Q6 Design a Tbeam spanning 6 m supporting a oneway slab of t

Q.6. Design a T-beam spanning 6 m supporting a one-way slab of thickness 140 mm and subjected to a live load of 3.5 kN/m2 and a dead load (due to floor finish, partition, etc.) of 1.2 kN/m2, in addition to its self-weight.

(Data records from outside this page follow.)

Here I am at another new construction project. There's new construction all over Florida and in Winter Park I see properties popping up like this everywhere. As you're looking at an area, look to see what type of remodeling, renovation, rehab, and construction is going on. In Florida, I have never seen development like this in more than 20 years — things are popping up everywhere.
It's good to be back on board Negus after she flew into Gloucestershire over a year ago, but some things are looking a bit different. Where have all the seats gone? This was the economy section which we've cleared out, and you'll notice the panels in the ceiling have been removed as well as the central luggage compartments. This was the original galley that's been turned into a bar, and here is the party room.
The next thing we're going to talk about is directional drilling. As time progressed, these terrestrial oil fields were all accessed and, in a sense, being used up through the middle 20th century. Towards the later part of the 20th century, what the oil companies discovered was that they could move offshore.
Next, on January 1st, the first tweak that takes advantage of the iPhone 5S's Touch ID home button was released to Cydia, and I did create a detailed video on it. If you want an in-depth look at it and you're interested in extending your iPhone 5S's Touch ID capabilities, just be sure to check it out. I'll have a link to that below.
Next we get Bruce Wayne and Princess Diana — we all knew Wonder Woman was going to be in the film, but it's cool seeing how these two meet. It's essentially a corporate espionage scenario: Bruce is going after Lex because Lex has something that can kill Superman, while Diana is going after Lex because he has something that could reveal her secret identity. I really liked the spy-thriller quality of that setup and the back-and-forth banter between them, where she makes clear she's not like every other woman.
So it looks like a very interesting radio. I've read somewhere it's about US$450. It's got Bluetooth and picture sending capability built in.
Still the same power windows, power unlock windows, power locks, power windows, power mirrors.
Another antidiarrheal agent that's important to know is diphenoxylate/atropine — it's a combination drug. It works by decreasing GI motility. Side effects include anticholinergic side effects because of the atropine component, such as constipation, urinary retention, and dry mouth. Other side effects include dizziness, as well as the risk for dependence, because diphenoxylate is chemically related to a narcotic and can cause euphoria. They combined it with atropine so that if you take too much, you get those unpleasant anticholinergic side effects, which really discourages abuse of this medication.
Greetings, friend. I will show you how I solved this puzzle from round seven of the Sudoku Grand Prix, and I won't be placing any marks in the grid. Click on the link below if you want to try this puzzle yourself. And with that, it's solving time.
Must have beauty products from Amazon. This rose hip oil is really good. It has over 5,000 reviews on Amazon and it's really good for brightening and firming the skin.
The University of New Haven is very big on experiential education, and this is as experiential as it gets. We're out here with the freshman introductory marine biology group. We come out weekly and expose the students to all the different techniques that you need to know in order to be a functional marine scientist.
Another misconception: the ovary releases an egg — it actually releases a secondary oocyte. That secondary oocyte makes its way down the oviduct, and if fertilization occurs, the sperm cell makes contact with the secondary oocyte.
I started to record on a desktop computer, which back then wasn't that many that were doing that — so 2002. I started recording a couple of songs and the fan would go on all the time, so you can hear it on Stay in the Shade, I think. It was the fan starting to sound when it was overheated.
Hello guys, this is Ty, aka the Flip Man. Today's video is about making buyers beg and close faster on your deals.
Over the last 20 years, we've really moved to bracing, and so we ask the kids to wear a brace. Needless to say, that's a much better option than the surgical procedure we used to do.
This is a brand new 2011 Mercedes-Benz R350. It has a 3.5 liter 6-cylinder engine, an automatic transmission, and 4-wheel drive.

Assume fc 30 MPa and f 500 MPa and the centre-to-centre distance of beams as 4 m.

Solution

Loads:

Dead load due self weight of slab = 0.140 x 25 = 3.5 kN/m2

Superimposed dead load (Given) = 1.2 kN/m2

Live load (Given) =3.5 kN/m2

As per IS 456:2000 ( Indian standard for design of RCC)

Cl. 23.1.2. Effective width of flange (b_f ) = l₀ /6 + b_w + 6 D_f = 6000(span of beam)/6 + 300 (Assume) + 6 x 140 (Thickness of slab; Since it will act as flange)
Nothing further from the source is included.